For the data below, give again exactly the lines from the one containing "Quilted High-Collar Oversized Jacket" through the one containing "o além – homem.(F Nietzsche)", both ends included, and no others.

**SUPPLIED ENTRIES:**
◇ ◇ ◇ ◇ ◇ ◇ ◇
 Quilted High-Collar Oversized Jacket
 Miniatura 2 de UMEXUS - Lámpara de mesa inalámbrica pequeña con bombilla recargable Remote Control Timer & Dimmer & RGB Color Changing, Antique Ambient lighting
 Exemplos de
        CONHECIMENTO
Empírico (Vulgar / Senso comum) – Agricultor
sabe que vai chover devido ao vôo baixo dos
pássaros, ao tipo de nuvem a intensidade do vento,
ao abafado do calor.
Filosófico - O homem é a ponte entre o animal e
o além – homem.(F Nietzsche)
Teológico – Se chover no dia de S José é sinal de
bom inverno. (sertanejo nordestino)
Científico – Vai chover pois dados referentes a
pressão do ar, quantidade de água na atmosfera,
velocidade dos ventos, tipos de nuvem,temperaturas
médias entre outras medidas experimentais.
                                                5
◇ ◇ ◇ ◇ ◇ ◇ ◇
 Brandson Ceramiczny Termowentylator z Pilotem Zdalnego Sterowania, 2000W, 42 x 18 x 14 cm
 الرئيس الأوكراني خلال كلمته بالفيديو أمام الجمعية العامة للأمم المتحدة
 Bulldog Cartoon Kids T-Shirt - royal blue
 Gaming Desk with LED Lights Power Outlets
◇ ◇ ◇ ◇ ◇ ◇ ◇
**ANSWER TO THIS TASK:**
 Quilted High-Collar Oversized Jacket
 Miniatura 2 de UMEXUS - Lámpara de mesa inalámbrica pequeña con bombilla recargable Remote Control Timer & Dimmer & RGB Color Changing, Antique Ambient lighting
 Exemplos de
        CONHECIMENTO
Empírico (Vulgar / Senso comum) – Agricultor
sabe que vai chover devido ao vôo baixo dos
pássaros, ao tipo de nuvem a intensidade do vento,
ao abafado do calor.
Filosófico - O homem é a ponte entre o animal e
o além – homem.(F Nietzsche)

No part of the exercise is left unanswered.